Saturday, 22 December 2012

Money and value

I have just had a royalty statement, and my Margaret book has earned £42.62 in royalties! I never thought that it would ever pay off the advance, which, although small in relative terms, seemed rather generous to me. So now I am an author who has not lost a publisher money! And I have £42.62 more than I did before. This is the sort of money which feels like it's worth more than its actual amount in pounds and pence.

The wierd thing is that it has sold over 500 copies overseas in 2011-12, far more than it has in previous years. So that's a bit odd.

In non-medievalist news, I have now been a professional Java programmer for just over two months. I am getting a tad more secure about it, though there are still tons of things with which I need to get to grips. I'm really enjoying the wierd feeling that I'm learning a new sort of articulacy! When I'm more settled down with Java I'm going to learn about Aspect Oriented Programming, and also Functional Programming, which seems to be Hot Right Now.
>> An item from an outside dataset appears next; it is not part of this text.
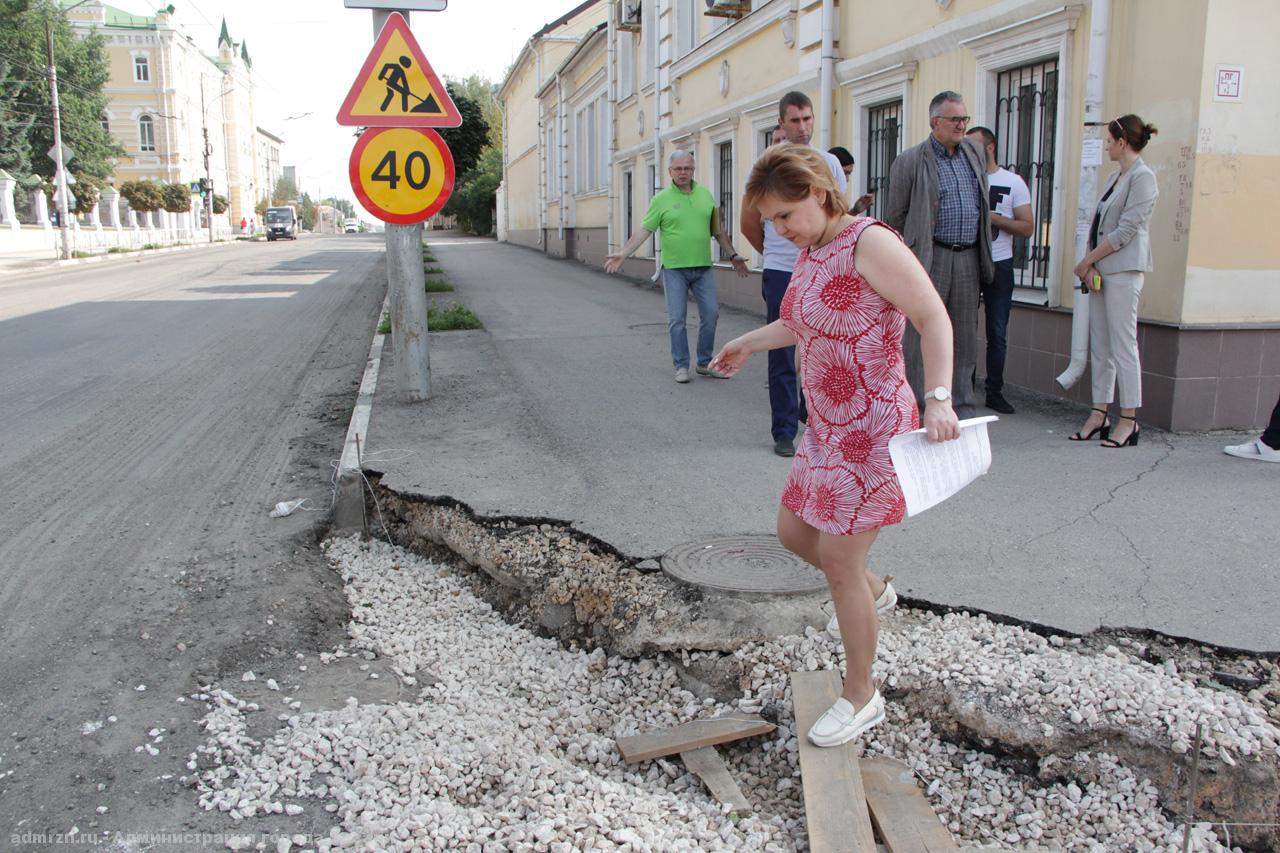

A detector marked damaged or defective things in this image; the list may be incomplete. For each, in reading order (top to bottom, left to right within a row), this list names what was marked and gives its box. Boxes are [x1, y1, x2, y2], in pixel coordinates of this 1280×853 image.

cracked asphalt [366, 233, 1274, 650]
I'm probably going to be doing the Sun Java Programmer Certification at work, and I'm going to make a few Android apps.

But I'm still going to be a medievalist again from time to time, I think. I do really want to finish off my charters book. I've started unpacking some of my book boxes labelled "Academic storage", and although I might do a bit of deaccessioning, I don't think I can part with most of them. But goodness knows where I will put them all. Plus it's possible that by the time I get round to anglo-saxoning again all this Java will have pushed all the Latin out of my brain.

Monday, 10 December 2012

Wednesday, 5 December 2012

5th December 2012

I'm currently gearing up to moving out of my parents' house and into a place of my own.  I took this morning off and spent most of it on hold to various utility companies.  It reminded me a bit of the death of Princess Diana, when the radio stations all played emergency chill-out music, with no lyrics but a woman doing vocalisations.  I think British Gas were playing Morcheeba, or maybe it was Leftfield -- very '90s.
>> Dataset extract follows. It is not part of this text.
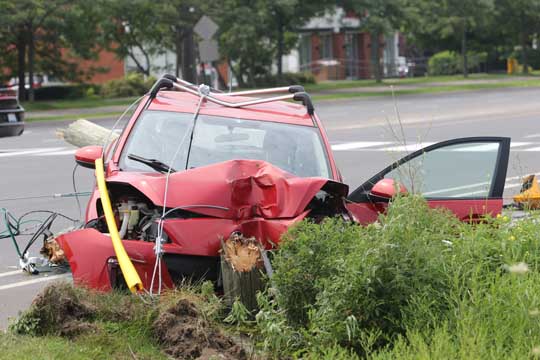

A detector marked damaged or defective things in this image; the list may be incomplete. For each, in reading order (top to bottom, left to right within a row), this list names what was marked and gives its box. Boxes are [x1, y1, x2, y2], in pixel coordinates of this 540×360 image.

shattered windshield [119, 109, 330, 177]
crushed car hood [107, 160, 348, 219]
wrecked red car [54, 76, 510, 292]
It took me over two hours to get home tonight because the motorway was closed. My route involved a mile's walk and two separate lifts.  When I got back I found that my parents had taken a bizarre cue from Big Bang Theory and made Sheldon's favourite meal for dinner.  My mother literally explained it as Sheldon's favourite meal.  This is pasta with tomato sauce and chopped-up hot dogs.  I am now feeling guilty for being insufficiently grateful, though it did in fact taste quite bad.  (They had added lots of chopped onions and mushrooms, and I think my Dad may have put some ginger in.)

In internet news, Zoe Williams' article about the Metropolitan Police Force's new assault prevention advice has a link to this truly brilliant list of Sexual assault prevention tips guaranteed to work. The same website has lots of other good tips, like this handy guide to telling whether a toy is for boys or girls.